Perry, 32, hopes to take on Republican Congressman Pat Meehan in Philadelphia’s western suburbs next year, and you might think the biographical story in his video was dreamed up by a campaign consultant.
“My mother was pregnant with me when she was behind bars in Montgomery County. She struggled her whole life with drug addiction,” Perry says in the video, noting that he was adopted by “two incredible parents,” both men in a gay relationship.
“So I had gay parents before it was cool,” Perry says. “They were both veterans. Paul was in the Air Force. Ken was in the Army. Both small-business owners — my dad Paul ran a small residential real estate business and Ken ran our corner store.”
Perry went to American University, got a master’s degree from Penn, and eventually a doctorate from Harvard.
In 2007 he was working at then-Sen. Barack Obama’s Washington office, when Obama decided to run for president.
“I had about four or five months to decide whether I was going to join the campaign or go teach kids in Southwest Philly,” Perry says. “And I chose to go teach kids, because to me that’s what service really meant.”
Perry taught school for two years before resuming his education and working in several educational and nonprofit organizations in San Francisco, New York, and Boston.
He’s now chasing a new dream.
Perry said he was motivated to run, in part, by the election of Donald Trump.
He thinks he has a great American story to tell, and he’s taking some bold, Bernie Sanders-like positions, including advocating for a single-payer health care system.
“I think it’s important for Democrats to not be shy about what they really want and what people frankly really need,” Perry said in a phone interview. “So whether that’s single payer or free college or a livable wage, these are things that our peer nations have gotten done, and we can too.”

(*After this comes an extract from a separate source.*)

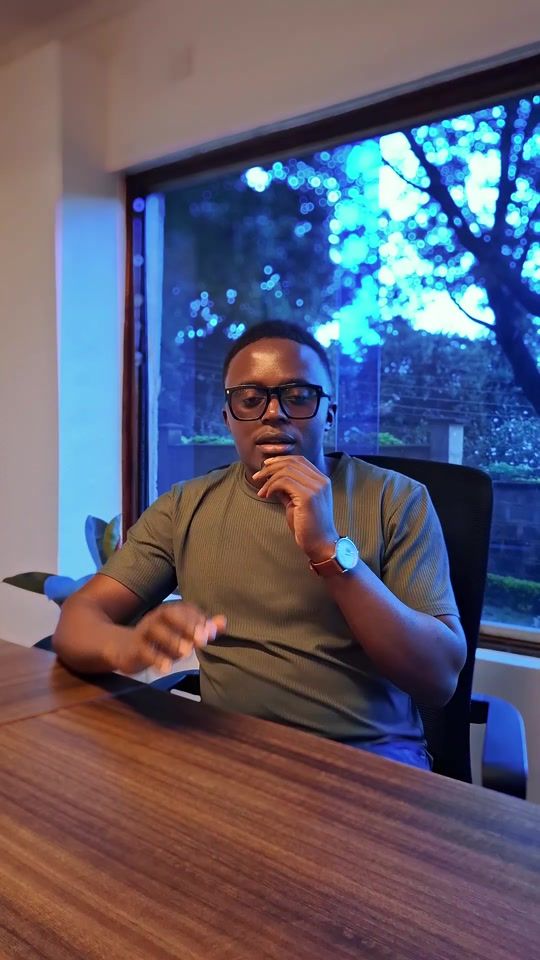 TikTok video thumbnail by bonaogeto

Perry is starting his quest with little traditional political capital. He’s never run for office, and doesn’t have the backing of unions or known political figures.

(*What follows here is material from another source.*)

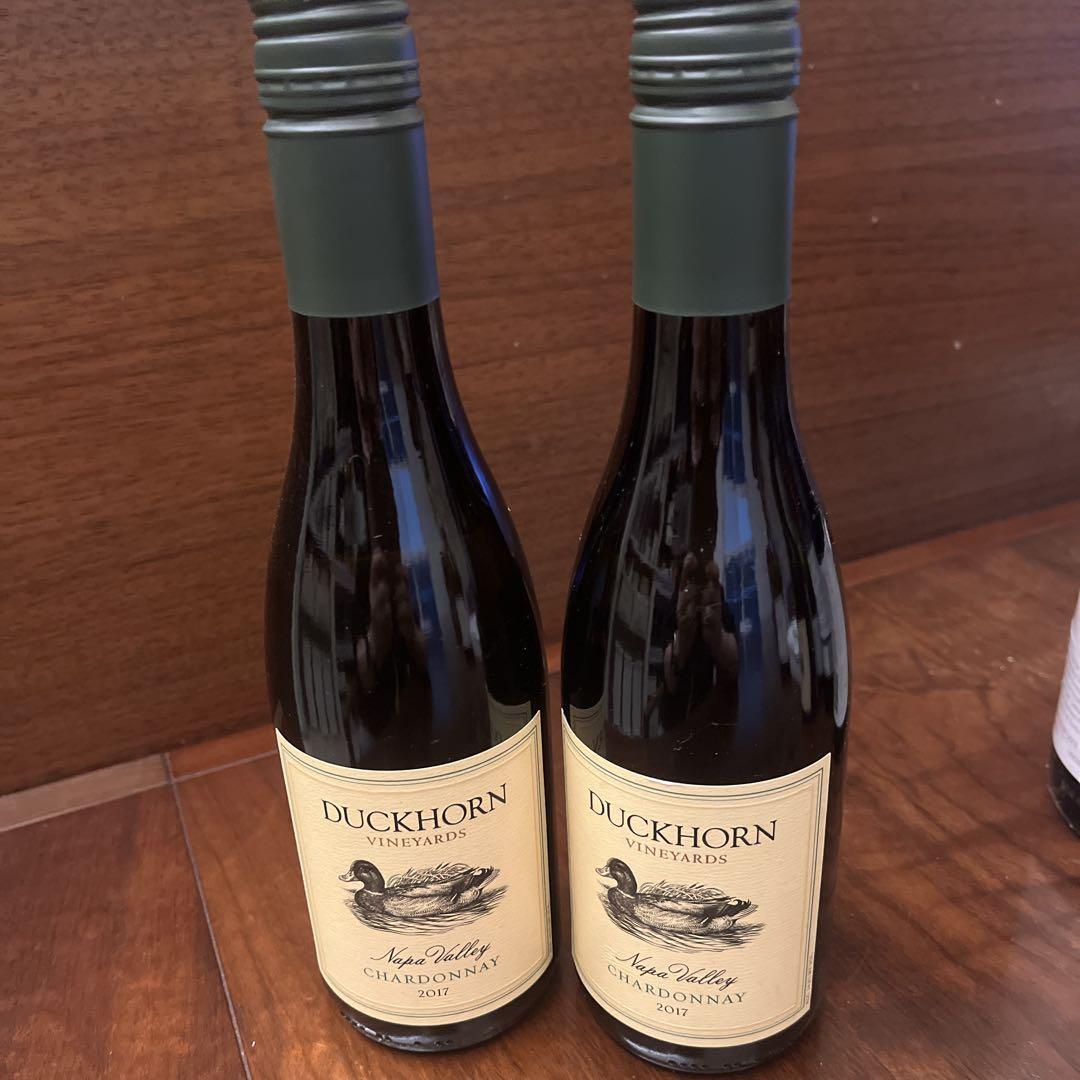 2017-duckhorn-napa-valley-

He says he expects to raise enough money with a broad base of contributors, but his campaign finance report showed that as of June 30, he had only $10,656 on hand. Another report is due in 10 days.
One thing in his favor is that there are so many candidates in Democratic primary that he may not need a majority of votes to win.
Other announced candidates include bioengineer Molly Sheehan, state Sen. Daylin Leach, Jenkintown IT specialist Andrew McGinty, Kennett Square Realtor Elizabeth Moro, and Dan Muroff, a former congressional staffer who ran two years ago in the 2nd District.